*Collected data*
%%

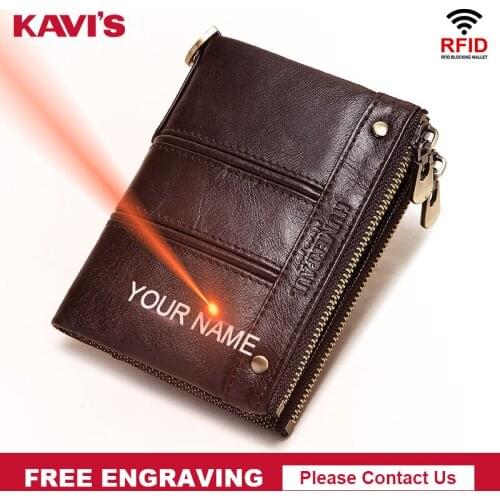 KAVIS Rfid Genuine Leather Wallet Men Crazy Horse Wallets New Coin Purse Short Male Money Bag Mini Walet Boys Free Engraving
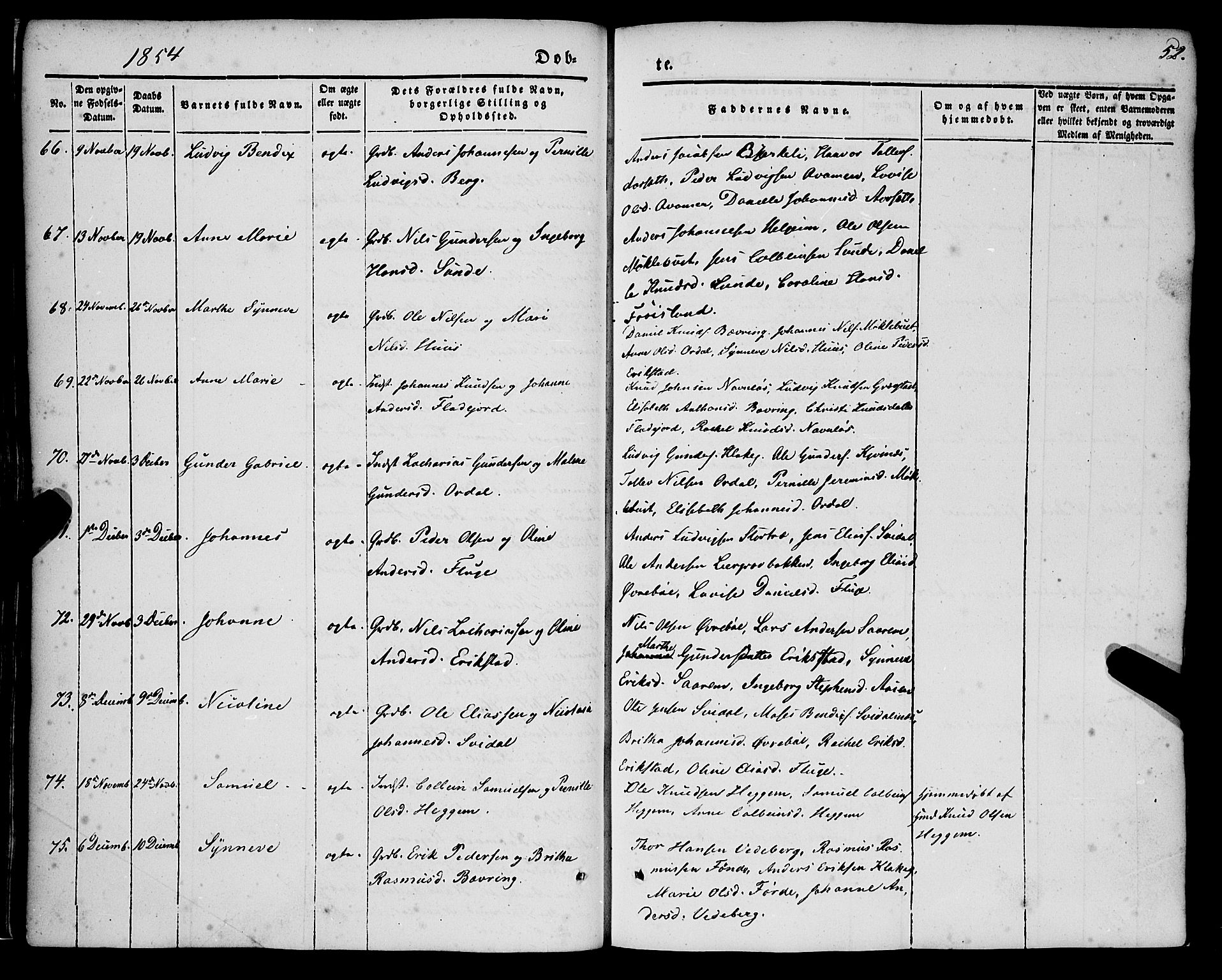 Jølster sokneprestembete, SAB/A-80701/H/Haa/Haaa/L0010: Parish register (official) no. A 10, 1847-1865, p. 52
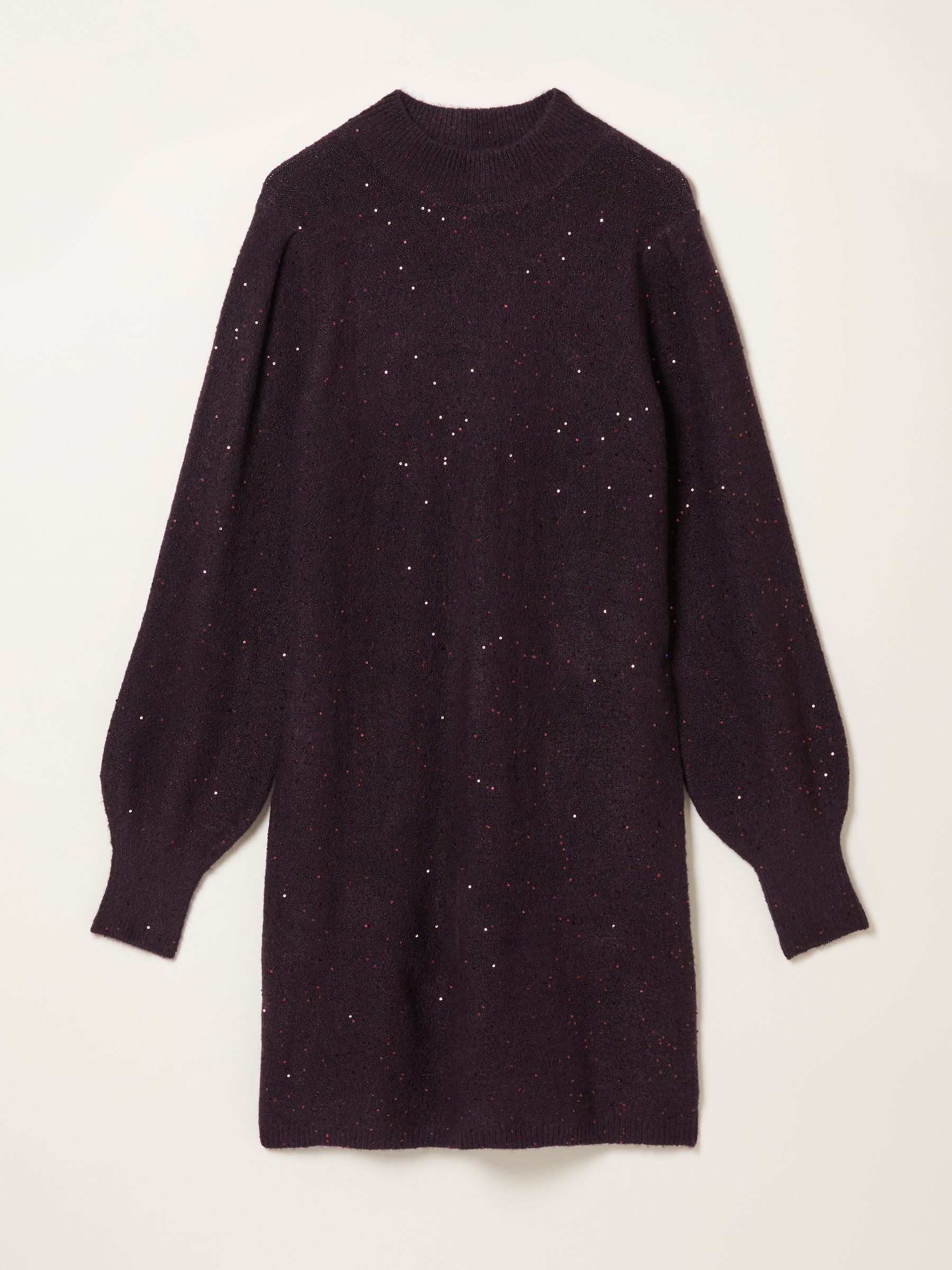 Burgundy Red Petite Sparkle Knit Dress - Image 6 of 6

%%

*Problem to work on*
All of the material above should be written out exactly as given, minus any images.

*Finished exercise*
 KAVIS Rfid Genuine Leather Wallet Men Crazy Horse Wallets New Coin Purse Short Male Money Bag Mini Walet Boys Free Engraving
 Jølster sokneprestembete, SAB/A-80701/H/Haa/Haaa/L0010: Parish register (official) no. A 10, 1847-1865, p. 52
 Burgundy Red Petite Sparkle Knit Dress - Image 6 of 6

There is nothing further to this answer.